Desde el final se entiende toda la vida. Si Jesús es la Sabiduría de Dios, ello se debe a que muchas veces en su vida demostró lo sabio que era. Ya dicen los Evangelios de la Infancia que “iba creciendo” en Sabiduría. Si Jesús es la Palabra de Dios, ello se debe a que en sus palabras, en cada uno de sus mensajes, se percibía que Dios mismo hablaba: ¡Jesús no hablaba como los demás!, ¡sus palabras transformaban, hacían milagros, cambiaban los corazones! Si Jesús es la Luz, la Vida, ello se debe a una forma de actuar que lo caracterizaba: resucitaba muertos, curaba enfermos, expulsaba demonios, atacaba al reino de las tinieblas y lo vencía. Al final, sus discípulas y discípulos proclamaban que Jesús era todo eso: Sabiduría, Gracia, Palabra, Vida, Luz.
¡Sabiduría!
Hablemos, en primer lugar, de la sabiduría. No todo mandato o mandamiento es sabio. Hay mandatos que enloquecen los sistemas, deterioran a las personas. Una mala orden puede hacer mucho mal. Quienes elaboran los mandatos no siempre se dejan llevar por la justicia o por una revelación. El pueblo de Israel, sin embargo, estaba orgulloso de su sistema legislativo, de sus leyes. Este pueblo afirmaba que había sido Dios quien había revelado y entregado la Ley a Moisés, que su Dios era el Creador, que ordenó sabiamente los cielos. Dios es la sede de la Sabiduría.
Jesús habló de la Sabiduría con términos peculiares. Para él la Sabiduría no estaba en los mandatos exteriores, sino en las mociones interiores del Espíritu. No mancha al ser humano lo que viene de afuera, sino lo que surge del interior. Hay una mala ley en el corazón –cuando está poseído por malos espíritus–. Sin embargo, quien es movido por el Espíritu Santo no necesita mandatos exteriores, impositivos. El Espíritu que habita en el corazón transmite sus mandatos a la conciencia, al corazón.
Quien se deja llevar por el Espíritu recibe mandatos llenos de sabiduría. La falta de Espíritu hace necesarios los mandatos exteriores. Donde prevalece la ley exterior, falta la ley interior del Espíritu. Jesús, en quien el Espíritu se había efundido sin medida, estaba habitado por la Sabiduría: “todo lo hacía bien”, “crecía en sabiduría”. Quienes lo seguían eran como “los hijos e hijas de la Sabiduría”. Recibir el Espíritu de Jesús era recibir el don de la Sabiduría.
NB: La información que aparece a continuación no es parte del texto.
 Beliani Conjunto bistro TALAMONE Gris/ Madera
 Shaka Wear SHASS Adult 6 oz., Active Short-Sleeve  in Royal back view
En Jesús se manifiesta el arte creador del Abbá, la ciencia secreta de los Misterios de Dios. Él los comunica a quien quiere. Destinatarios preferentes de su Sabiduría eran los sencillos.
¡Palabra!
Jesús es la Palabra. La Palabra de Dios. El Abbá no tiene palabra por sí mismo. Su Hijo es la Palabra a través de la cual habla. En el Antiguo Testamento utilizó las palabras de la Ley, de los profetas, de los sabios, pero, ahora, en la plenitud de los tiempos, sólo habla a través de su Hijo. Jesús es todo expresividad, es la visibilidad del Invisible, la palabra del Inaudible. ¡Cuánto misterio se encierra en la persona de Jesús! Es bellísimo denominar a Jesús así: ¡Palabra!
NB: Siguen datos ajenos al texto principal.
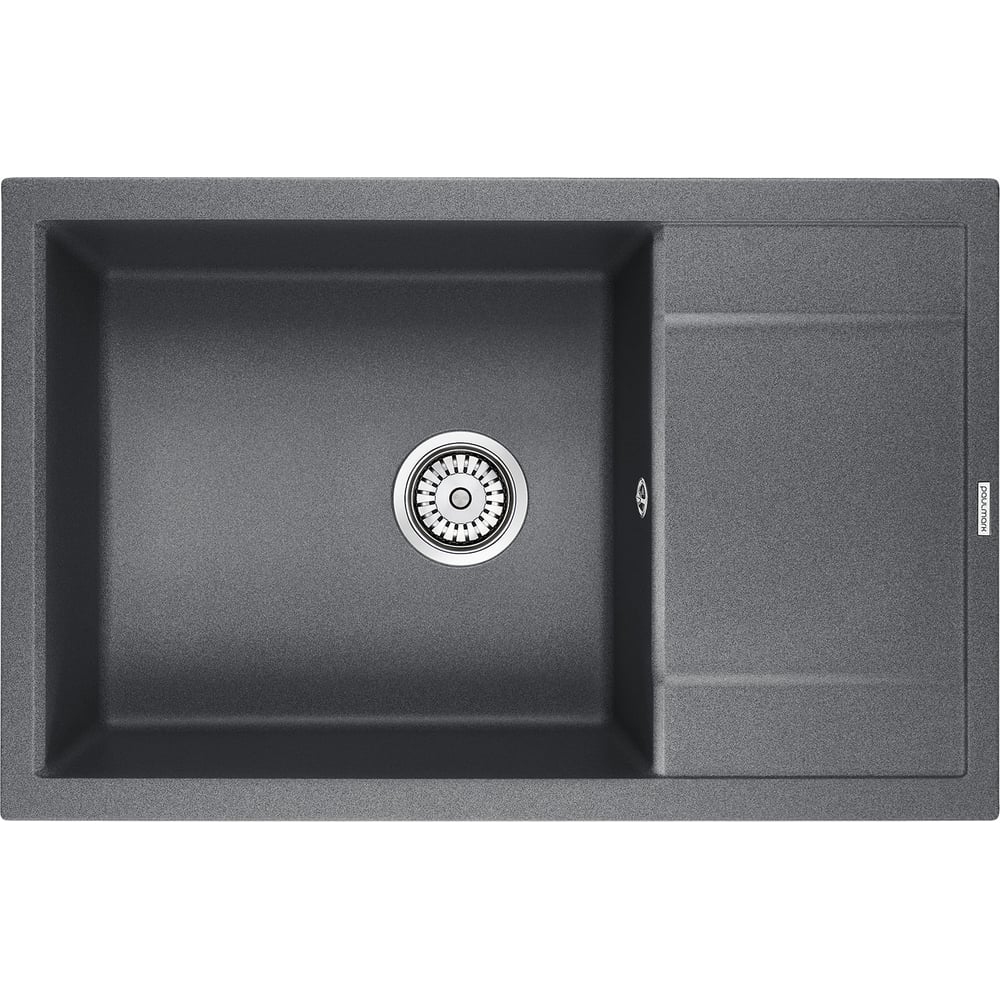 Изображение товара Гранитная мойка Paulmark FLUGEN 60 графит, 780x500 мм PM317850-DG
La Palabra es la fuerza de la Creación: el diseño y la realización de todas y cada una de las realidades que existen. La Palabra da consistencia y existencia a todo. En Ella está la Vida y la Vida se hace viva en toda la Naturaleza e ilumina el ser.
Sin embargo, la Palabra vino al mundo y no fue bien acogida. No sigue siendo acogida. Hay personas que la rechazan, que no quieren saber nada de ella: Vino a los suyos y los suyos no la recibieron. Pero a quienes acogen la Palabra les sucede algo maravilloso: se convierten automáticamente en hijos de Dios. Reciben la Intimidad de Dios en sus vidas y todo se transforma en ellos. Éste es el misterio de la Navidad de Dios en los creyentes. Éste es el mensaje de este segundo domingo de Navidad. Nace la Palabra en nosotros. Cada vez que leemos la Palabra, que acogemos la Palabra, como María, nace Jesús, el Logos, la Palabra, la Sabiduría, en nosotros. ¡Qué regalo!